In Minnesota, civil rights, immigration and religious groups condemned the ruling. The Council on American-Islamic Relations called it racist. It said the president’s travel ban is actually still a “Muslim ban” that will directly affect thousands of Minnesota Muslims and their families.
CAIR-MN’s executive director Jaylani Hussein said the organization expects to see another uptick in anti-Muslim bias crimes in the country and in the state of Minnesota.
“People’s expressions of hate (are) being validated by the Supreme Court’s decision today,” Hussein said.
The Court said presidents have broad powers over who is allowed to enter the U.S. Trump could even add more countries to the ban.
This policy has been in place since December while the Supreme Court reviewed it. It’s clear it has dramatically slowed down the number of people from those countries who are able to even get visas to the U.S.

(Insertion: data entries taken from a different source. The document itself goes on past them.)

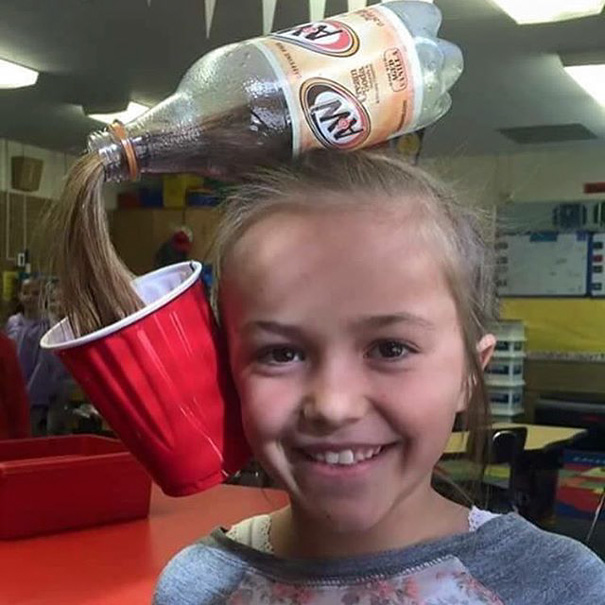 Girl with a creative hairdo resembling a soda bottle pouring into a cup, participating in Crazy Hair Day.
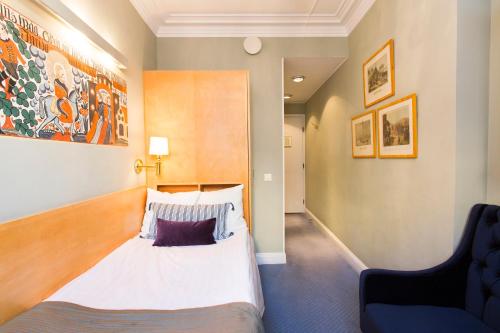 a bedroom with a large bed and a chair at Lady Hamilton Hotel in Stockholm
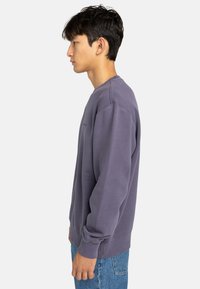 Purple fleece crewneck sweatshirt with ribbed cuffs and hem, featuring a relaxed fit, shown on a model in profile. Blue denim worn below.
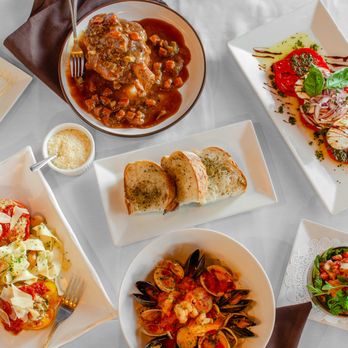 Sal De Forte’s  - Arrangement of Ossobuco, Zuppa De Mare, Ceviche, Jersey Tomato Salad, Stuffed Peppers, NY Cheesecake & Fresh Seasoned Bread - Italian Near Me - Ewing Township, New Jersey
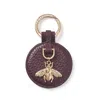 Aspinal Of London Bee Keyring In Purple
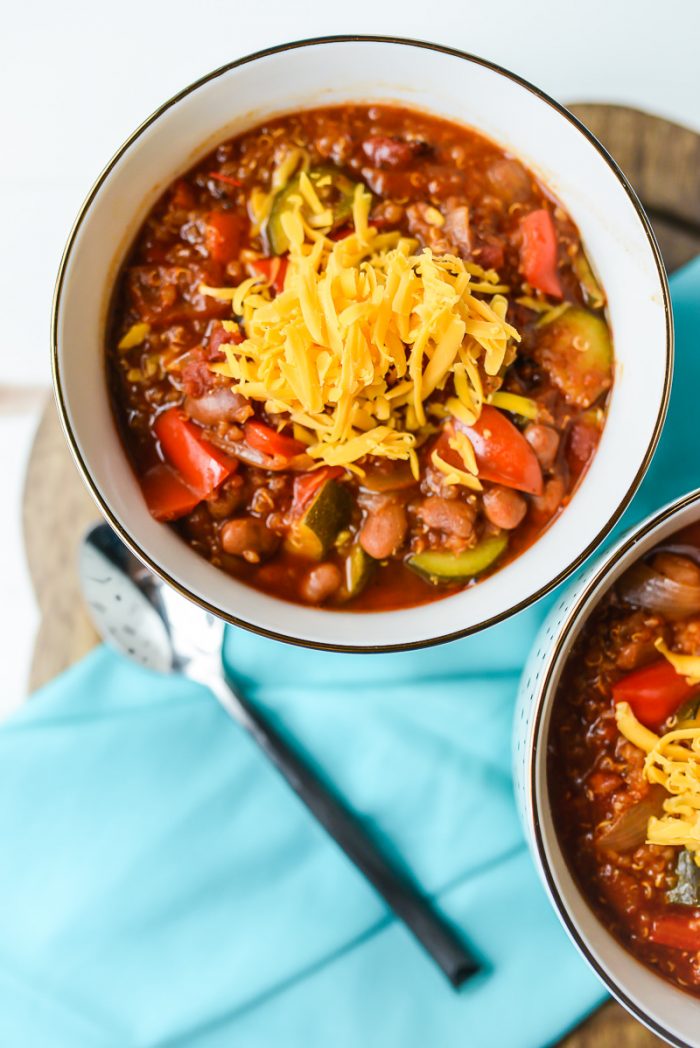 two bowls of vegetarian chili with cheese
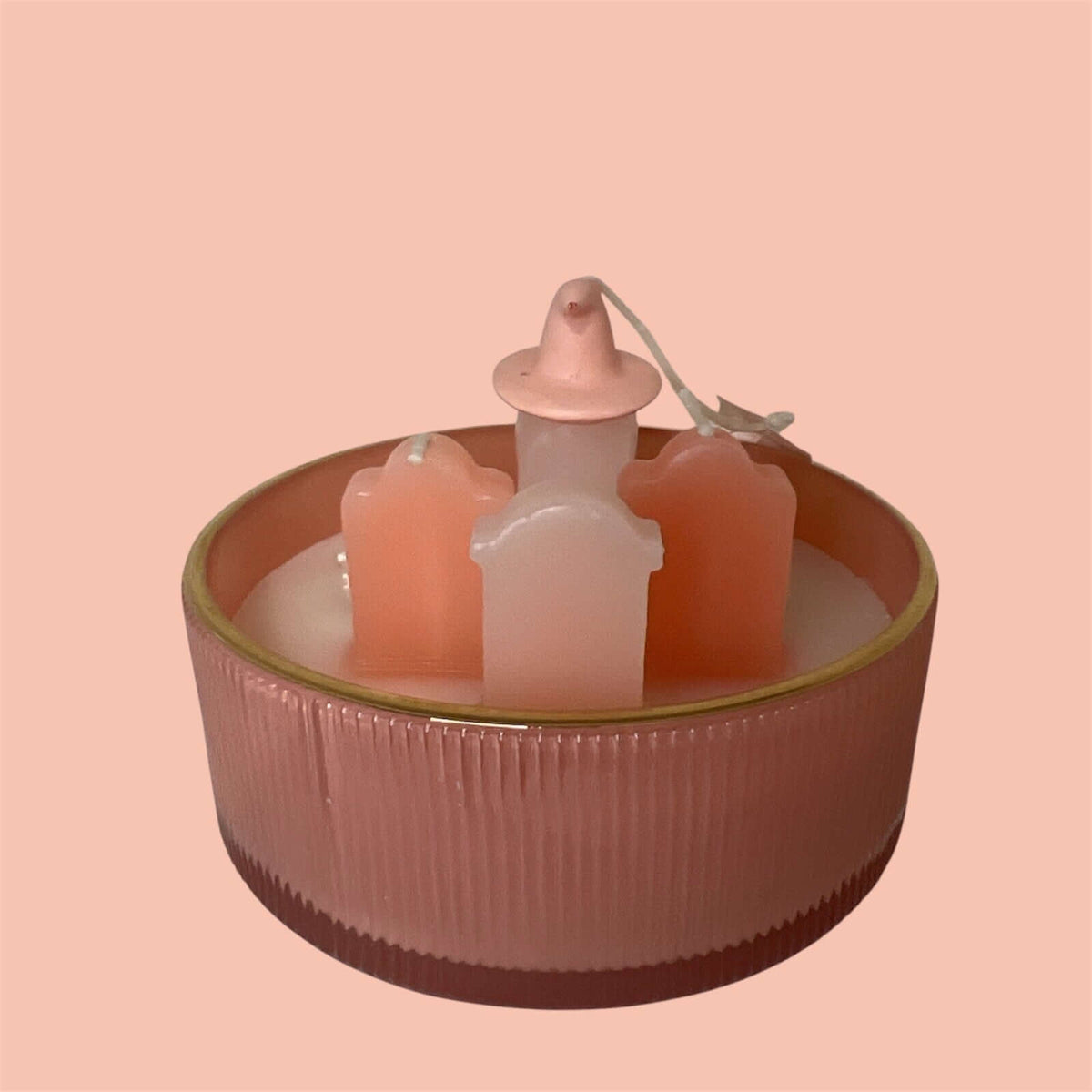 Cupcakes & Cashmere Halloween scented candle featuring playful pink tombstone design.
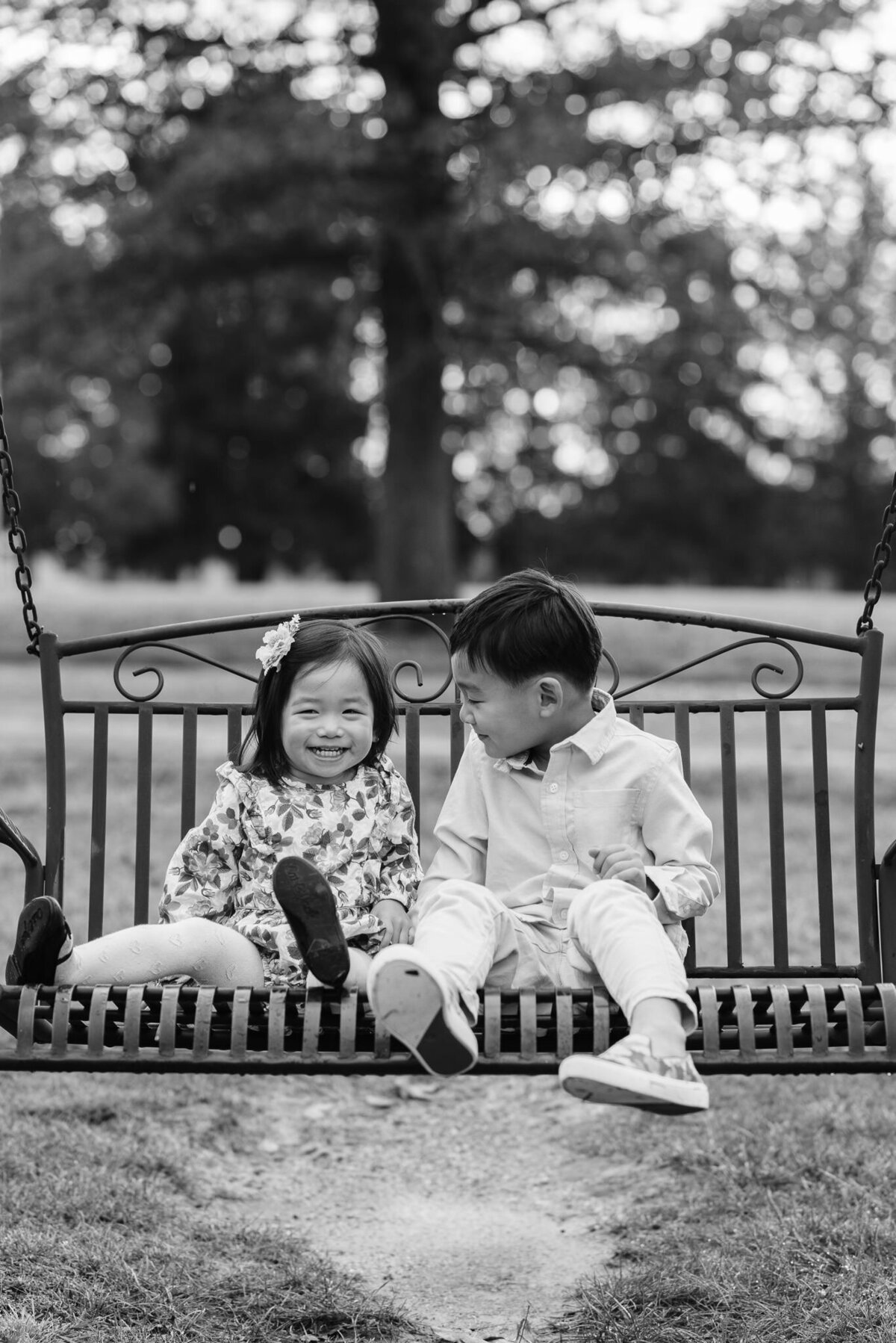 B&w candid moment of a brother looking lovingly at his giggling sister, captured by Denise Van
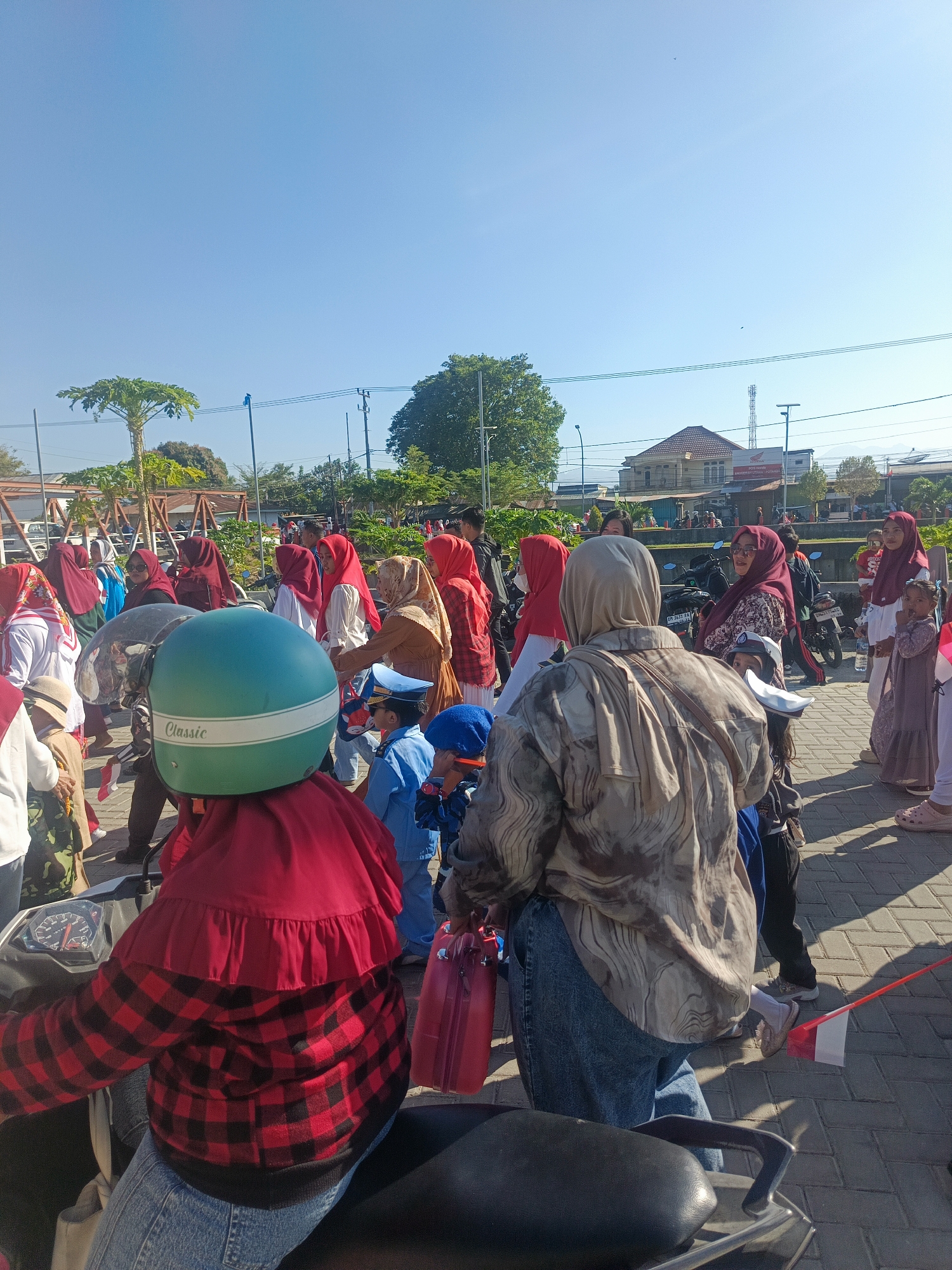 The image depicts a sunny outdoor scene with a group of people, many wearing hijabs, gathered on a paved walkway. In the foreground, a person is seated on a motorcycle, wearing a red and black plaid shirt and a red hijab. A prominent green helmet with a white stripe and the word "Classic" is placed on the motorcycle's seat. A child in a blue uniform and hat stands to the right of the motorcycle. Several Indonesian flags, red and white, are visible throughout the scene. In the background, buildings and trees are present, and power lines crisscross the sky. The overall atmosphere suggests a public gathering or event. The presence of Indonesian flags and the general setting indicate this location is likely in Indonesia, and given the user's prompt, it is specified as being in the city of Gorontalo, Indonesia.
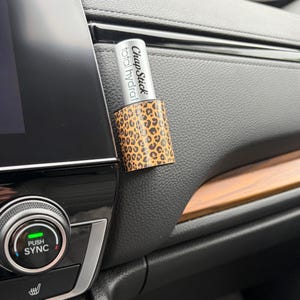 May include: A ChapStick total hydration lip balm with a leopard print sleeve is shown. The lip balm is silver with black text. The sleeve is tan with brown spots. The lip balm is attached to a car's dashboard.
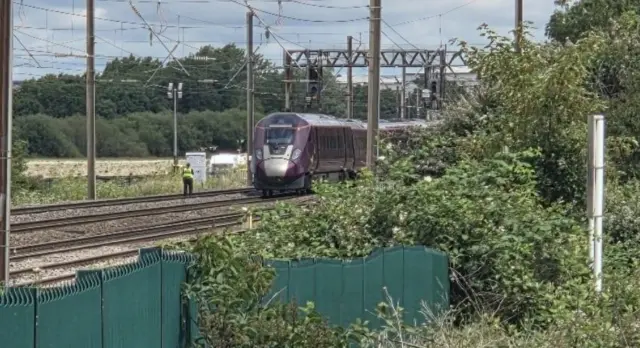 A view of the front of a train stopped on the tracks, shrubbery around and a person in high vis stood next to the train.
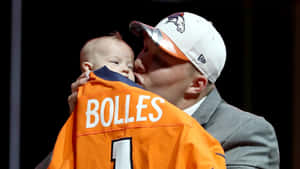 Garett Bolles Kissing His Son Wallpaper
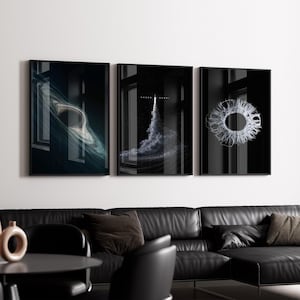 May include: A white ceramic mug with a black handle and the text "But First, Coffee" in a black, handwritten-style font. The mug is on a white surface.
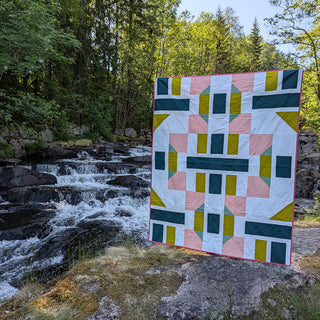 A vibrant modern quilt featuring geometric shapes in pink, green, white, and mustard, displayed outdoors by a woodland stream, showcasing The 5720 Quilt Pattern (Download) by Millie & Bun Designs.
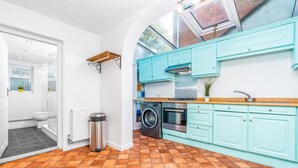 Una cocina con gabinetes azul turquesa, una lavadora y una estufa.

Nation’s First Elected Muslim Congressperson Reacts
Rep. Keith Ellison released a statement, saying he’s “deeply disappointed that this ruling gives legitimacy to discrimination and Islamophobia.”
Ellison spoke with WCCO’s Esme Murphy on Facebook Live shortly after the decision.
“This decision is outside of the consensus that we have as Americans that people have the right to be whatever faith they want to be,” Ellison said.
Ellison says, despite what the policy is called, it’s really a Muslim ban.
“What the Supreme Court has said is, ‘as long as you put a thin vainer of national security over the most discriminatory policy, we’ll buy it,’” Ellison said. “Essentially they’ve said, ‘as long as you put lipstick on that pig, we’ll just call it something else.’”
Ellison says the travel ban is a big factor in his recent decision to run as Attorney General for Minnesota.
“I know that this decision will meet the dust bin of history, just like all those other nasty, ugly decisions [by the Supreme Court],” Ellison said.